# [PROBLEM TO WORK ON]
Transcribe exactly the line containing "thumbnail image 3" plus every later line in the data.

# [RECORDS FOR PROCESSING]
----------

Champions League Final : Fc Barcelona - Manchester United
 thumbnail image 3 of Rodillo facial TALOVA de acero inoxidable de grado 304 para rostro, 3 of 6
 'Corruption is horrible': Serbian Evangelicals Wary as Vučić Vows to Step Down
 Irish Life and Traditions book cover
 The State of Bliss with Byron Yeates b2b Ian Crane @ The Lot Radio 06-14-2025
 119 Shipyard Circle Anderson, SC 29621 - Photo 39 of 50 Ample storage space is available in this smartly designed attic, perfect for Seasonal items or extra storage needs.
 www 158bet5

----------

# [ANSWER SPACE]
 thumbnail image 3 of Rodillo facial TALOVA de acero inoxidable de grado 304 para rostro, 3 of 6
 'Corruption is horrible': Serbian Evangelicals Wary as Vučić Vows to Step Down
 Irish Life and Traditions book cover
 The State of Bliss with Byron Yeates b2b Ian Crane @ The Lot Radio 06-14-2025
 119 Shipyard Circle Anderson, SC 29621 - Photo 39 of 50 Ample storage space is available in this smartly designed attic, perfect for Seasonal items or extra storage needs.
 www 158bet5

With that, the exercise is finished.